* MATERIAL SUPPLIED
------------------------------------------------

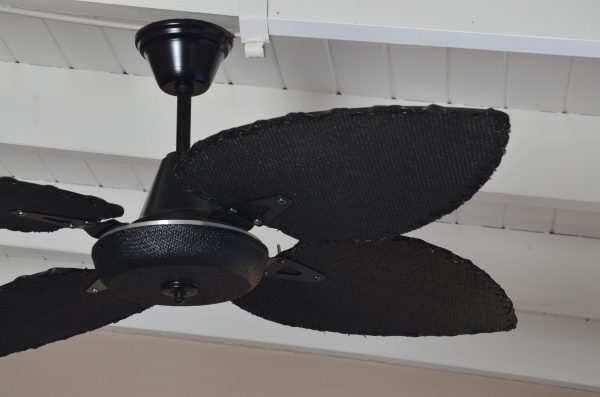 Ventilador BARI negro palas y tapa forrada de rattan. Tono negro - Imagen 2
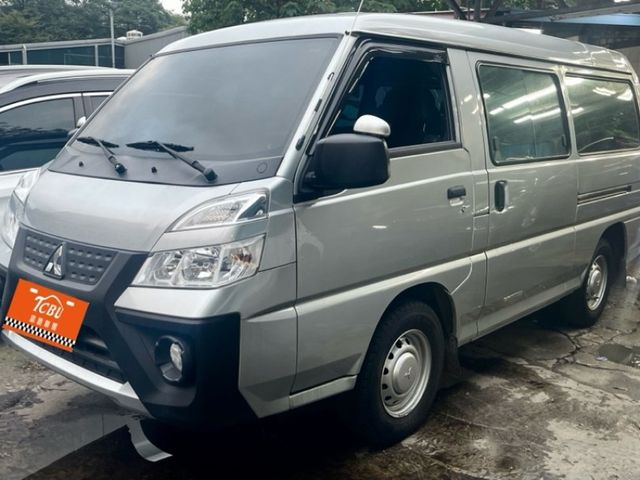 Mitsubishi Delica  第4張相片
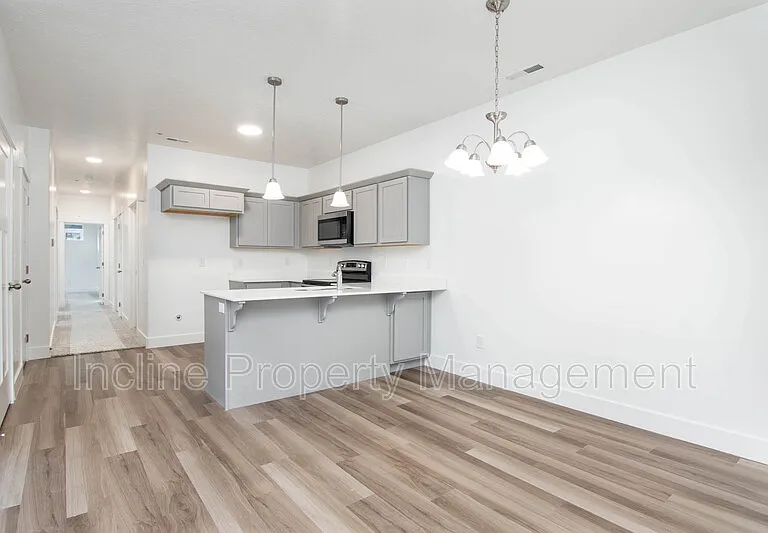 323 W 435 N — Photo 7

------------------------------------------------

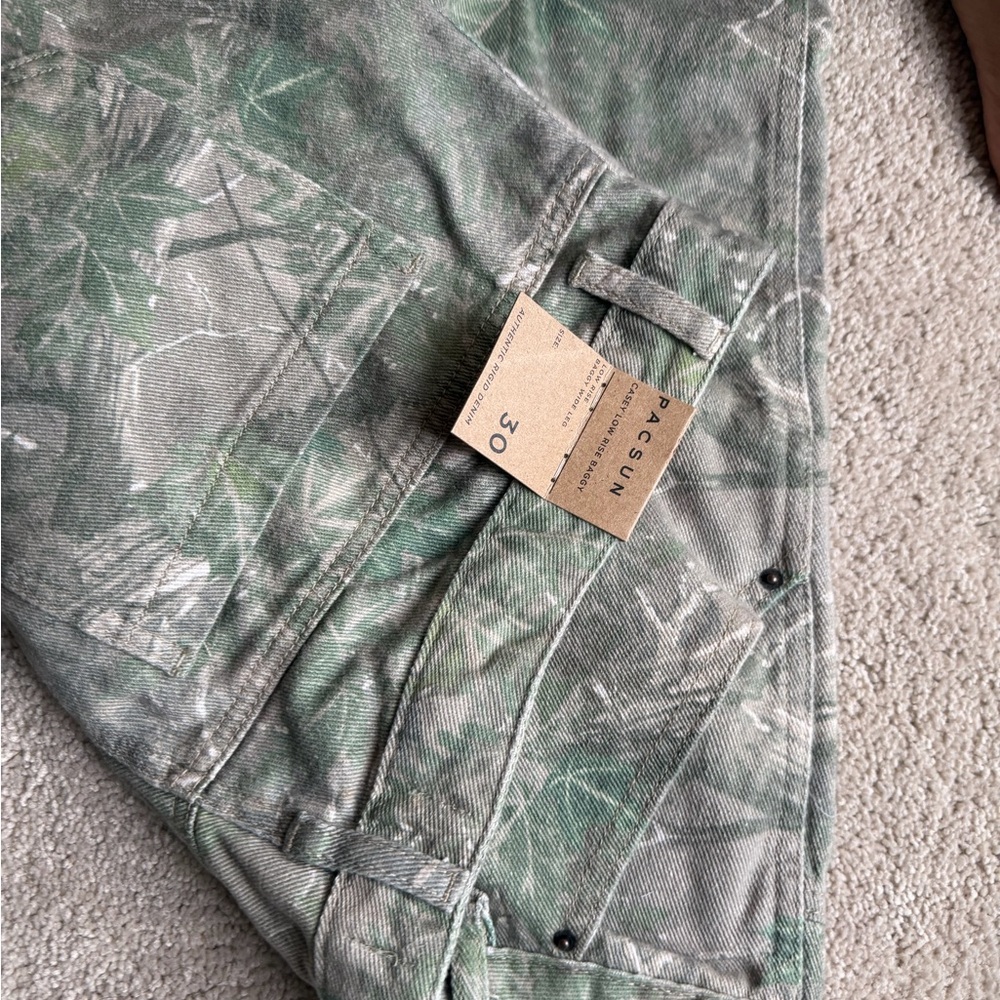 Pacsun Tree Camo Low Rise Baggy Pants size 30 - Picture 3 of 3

------------------------------------------------

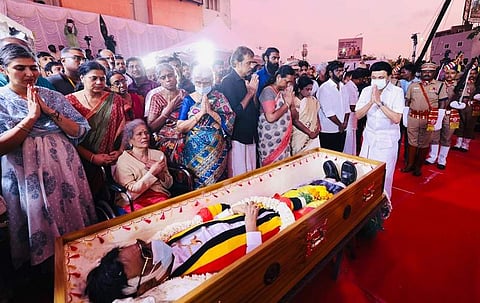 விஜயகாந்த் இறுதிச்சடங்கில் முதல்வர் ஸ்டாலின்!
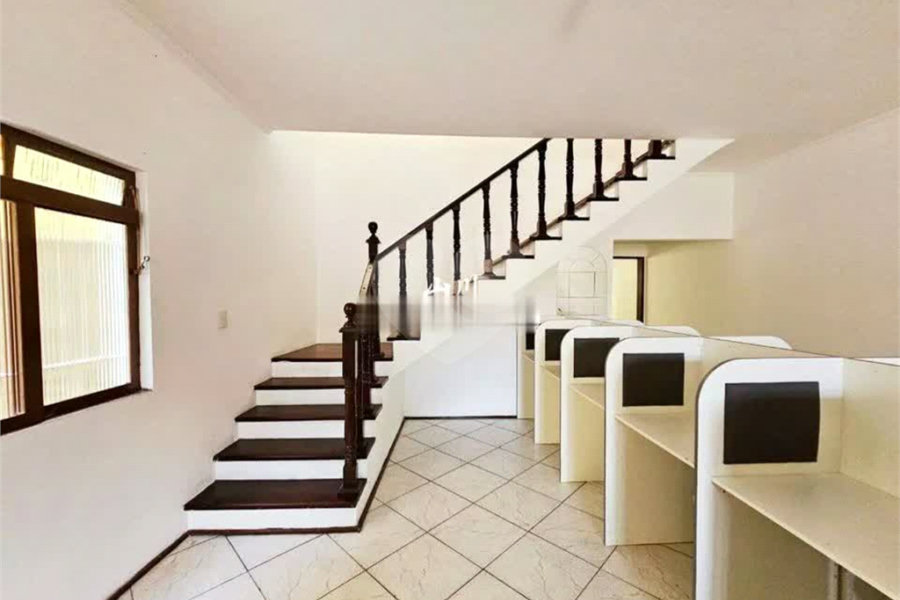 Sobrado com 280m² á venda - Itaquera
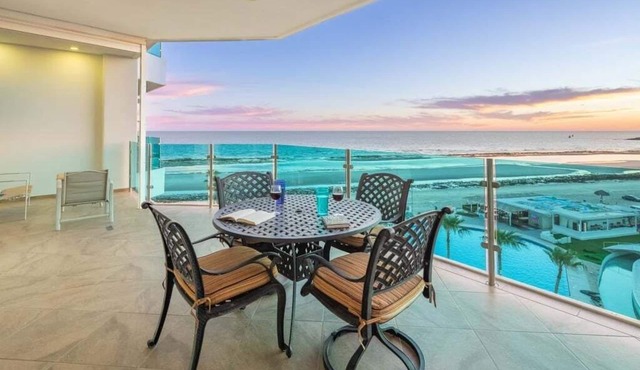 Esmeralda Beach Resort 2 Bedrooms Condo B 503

------------------------------------------------

* PROBLEM
Return exactly the lines above, from the one with "விஜயகாந்த் இறுதிச்சடங்கில் முதல்வர்" up to and including the one with "Esmeralda Beach Resort", and include no pictures.

* EXERCISE RESULT
 விஜயகாந்த் இறுதிச்சடங்கில் முதல்வர் ஸ்டாலின்!
 Sobrado com 280m² á venda - Itaquera
 Esmeralda Beach Resort 2 Bedrooms Condo B 503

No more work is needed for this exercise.